Glioma Groups Based on 1p/19q, IDH, and TERT Promoter Mutations in Tumors

Dr. Charles Cobbs Neurosurgeon and The Gregory Foltz Endowed Director of the Ben and Catherine Ivy Center for Advanced Brain Tumor Treatment at Swedish Neuroscience Institute
Dr. Charles Cobbs
Neurosurgeon and The Gregory Foltz Endowed Director of the Ben and Catherine Ivy Center for Advanced Brain Tumor Treatment at Swedish Neuroscience Institute

Quite a bit of interest has resulted from a recent study performed by investigators at Mayo Clinic and UCSF with respect to various molecular categories of glioblastoma.  http://www.ncbi.nlm.nih.gov/pubmed/26061753  http://www.nejm.org/doi/full/10.1056/NEJMoa1407279

For the non-aficionado, these studies are very complex and confusing. If you have a PhD in molecular genetics you might understand it. I will attempt to try to explain some of the esoteric findings presented in this paper and to facilitate an understanding of how they can impact patients with malignant brain tumors on a day-to-day basis.

First of all, a bit of background. Until about 10 years ago, malignant gliomas were graded primarily just on their histological features, i.e., oligodendrogliomas and astrocytomas were locked into a category called glioma. Most of these, in terms of sheer numbers were astrocytomas. In children and young adults, you can find grade 1 astrocytomas which are a distinct entity and not what we’re talking about here. In young adults you can see grade 2 and grade 3 astrocytomas and occasionally grade 4 astrocytomas which are also called glioblastoma multiforme or GBM.

Until about 10 years ago we knew that GBM’s either presented as slowly evolving tumors from a lower grade called secondary GBM or as tumors that arose out of the blue suddenly, primarily in older patients, and these were called primary GBM. These 2 types of GBM were thought to be distinct, and it turns out that genetically they probably are different beasts. Around 10 years ago, analysis of Gene expression from hundreds of tumors determined that if you took all GBM, some of them had features that were more consistent with the biology of neurons, and some had features which were more consistent with a type of cell called mesenchymal cell which is more highly invasive and aggressive. There were some other categories as well. Long story made short, most of the primary GBM’s were either classical or mesenchymal, and many of the slowly evolving ones were pro neuronal. The ones that were prone neuronal or neuronal, seem to do better in terms of patient’s survival.

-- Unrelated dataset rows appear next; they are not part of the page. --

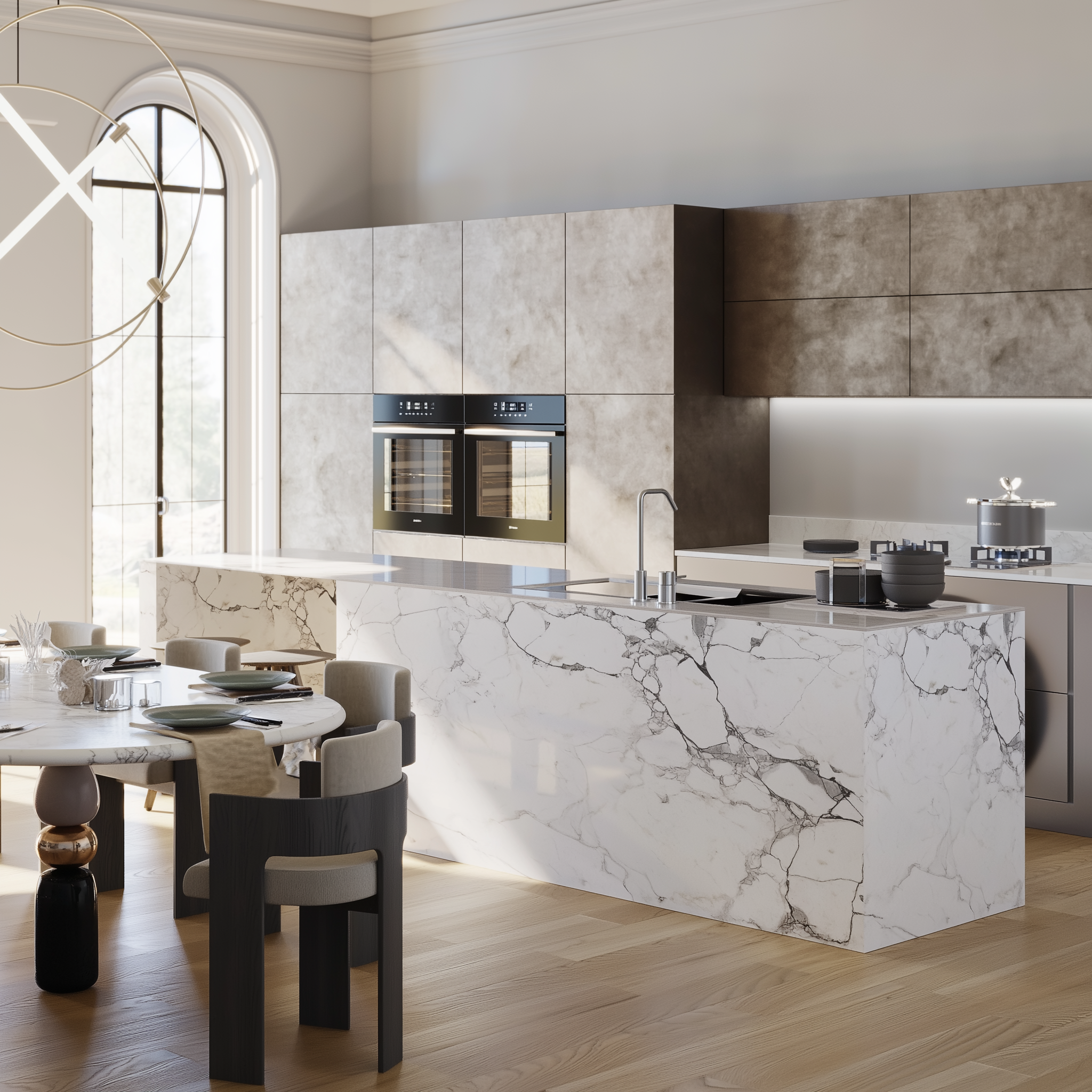 Marble luxury kitchen with marble-inspired quartz island and bespoke cabinetry.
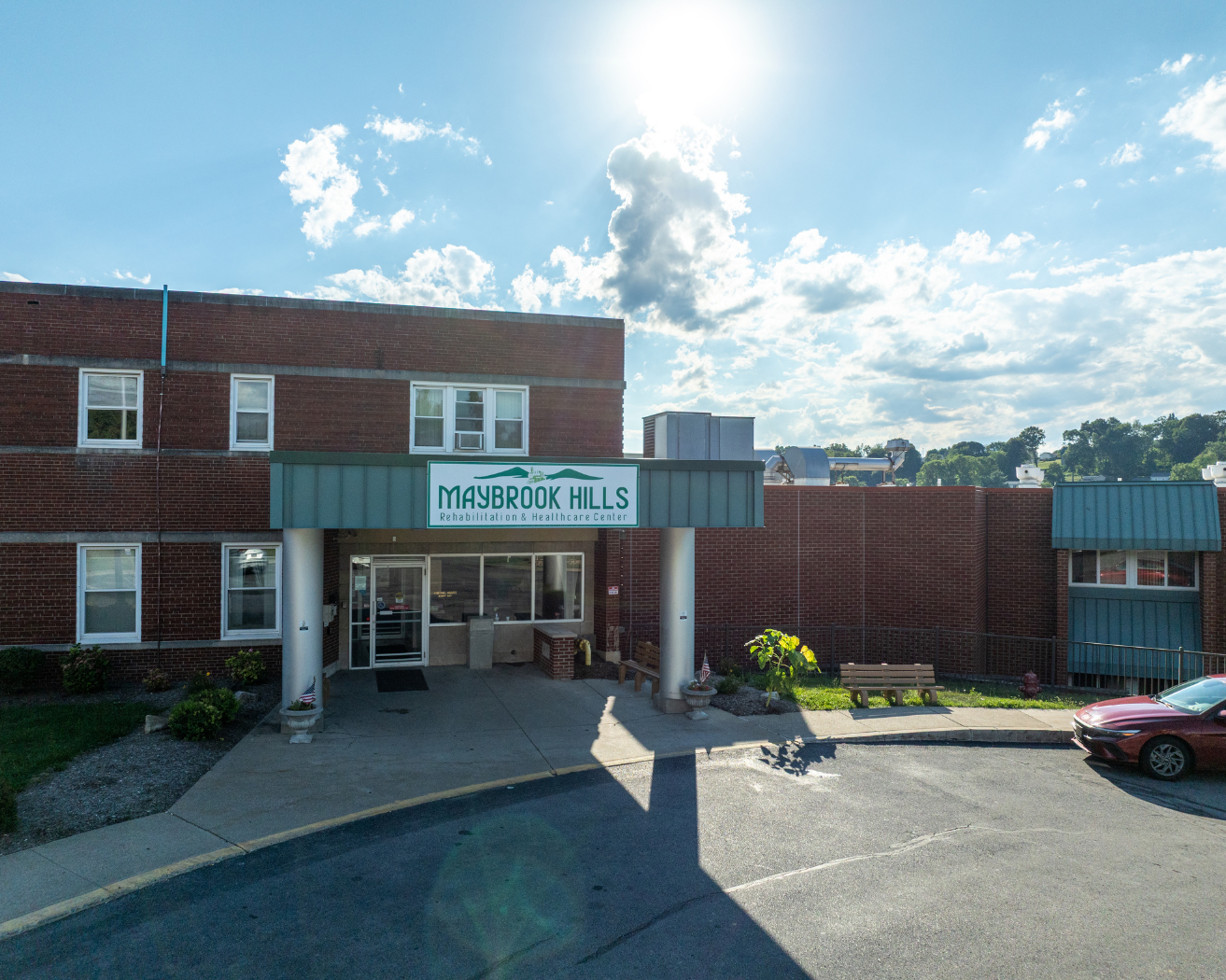 Aerial storefront photograph of Maybrook Hills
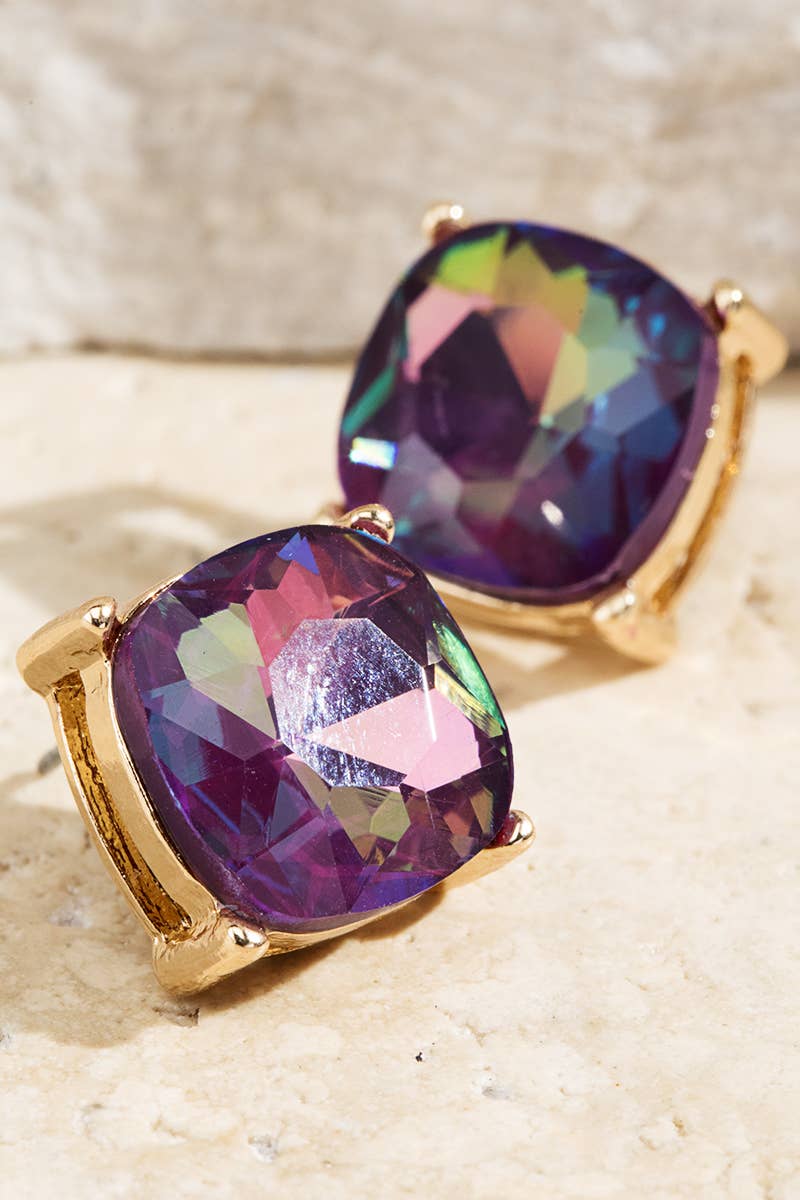 Peach Prism Glow Stud Earrings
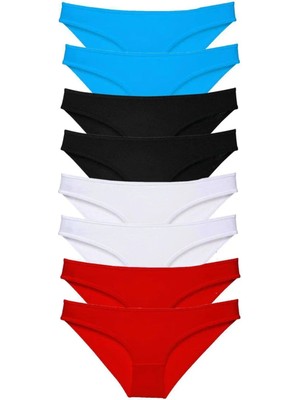 8 Adet Süper Eko Set Likralı Kadın Slip Külot Siyah Kırmızı Beyaz Mavi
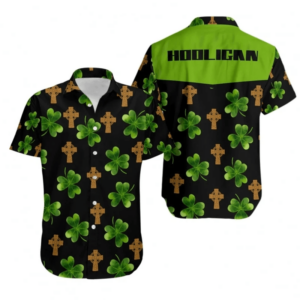 Hooligan Shamrock Irish Cross Patricks Day Hawaiian Aloha Hawaiian Shirtss Custom Text  - Thelegend59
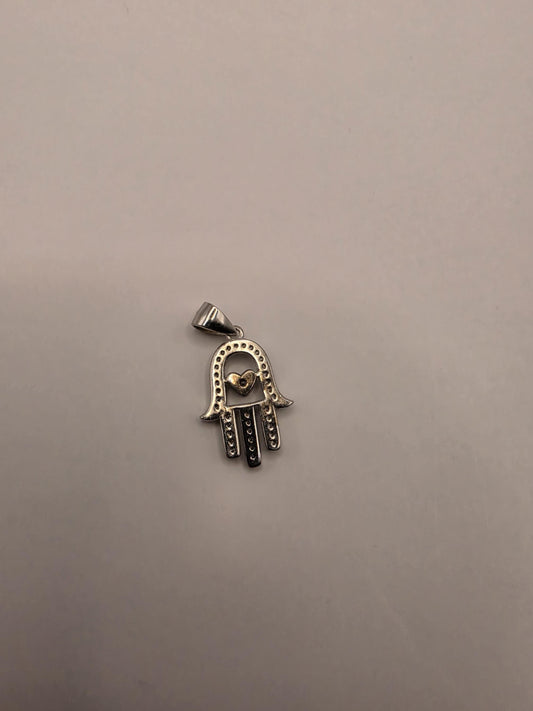 Sterling Silver Hamsa Pendant | 925 Silver CZ Hamsa Heart Charm | Hand of Fatima Necklace Pendant
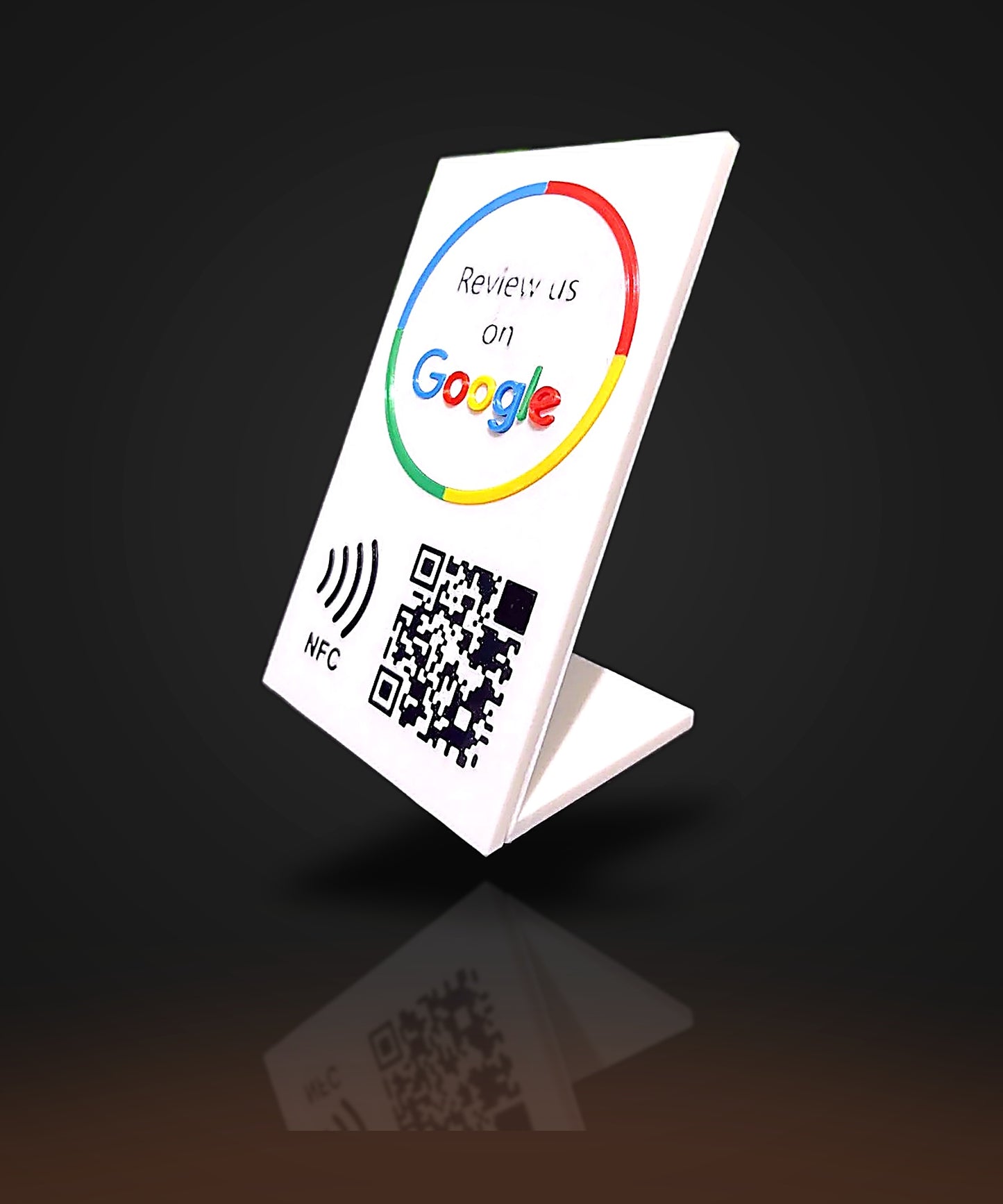 Cartel de reseñas Google con NFC y QR — Personalizado con el nombre de tu negocio
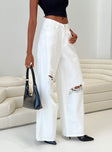 Princess Polly Mid Rise  Chavez Wide Leg Jeans White Denim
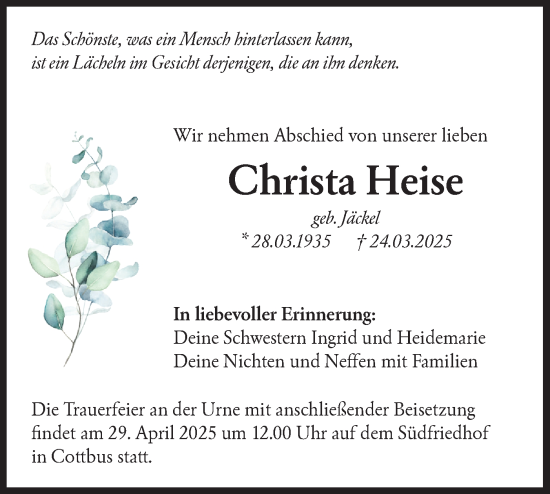Traueranzeige von Christa Heise von Lausitzer Rundschau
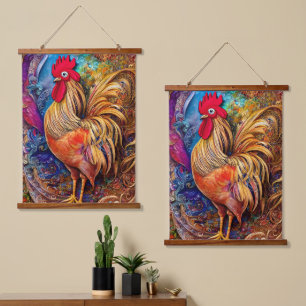 Die Majestät des Roosters Wandteppich Mit Holzrahmen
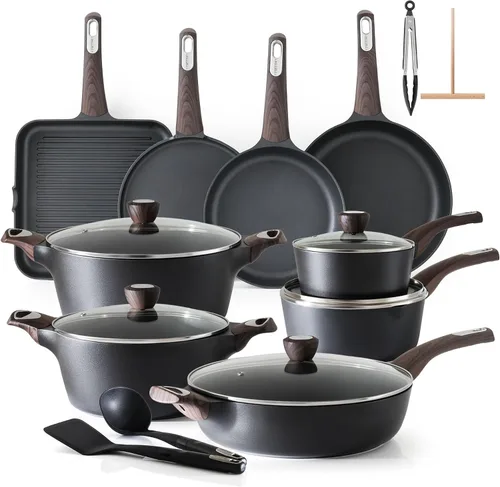 Vista 9 de SENSARTE Juegos de Utensilios de Cocina de Cerámica, Juego de Ollas y Sartenes Antiadherentes, Utensilios de Cocina de Inducción No Tóxicos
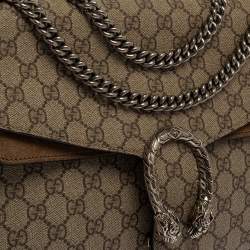 Pre Owned Gucci Beige/Brown GG Supreme Canvas and Suede Medium Dionysus Shoulder Bag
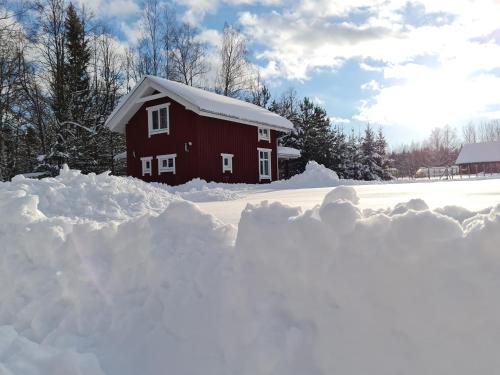IkšķileToma pirts BRĪVDIENU的红谷仓前的一堆积雪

The current study looks at the gene mutations seen in the grade 2, grade 3 and grade 4 (GBM) tumors. Most of the primary GBM’s that show up out of the blue in older patients, are associated with a mutation called TERT (telomerase reverse transcriptase). This mutation is involved in maintaining part of a chromosome called the telomere, which has often been described as the little thing at the end of your shoelace that allows it to prevent from being unfrazzled. As long as this little thing is there, the chromosomes can keep dividing, but when it wears out over multiple cell divisions the cell is no longer able to divide. Cancer, having an endless supply of these little things on the end of the shoelaces or chromosomes allows the chromosomes to keep dividing forever, which is bad. Therefore, having the TERT mutation is bad.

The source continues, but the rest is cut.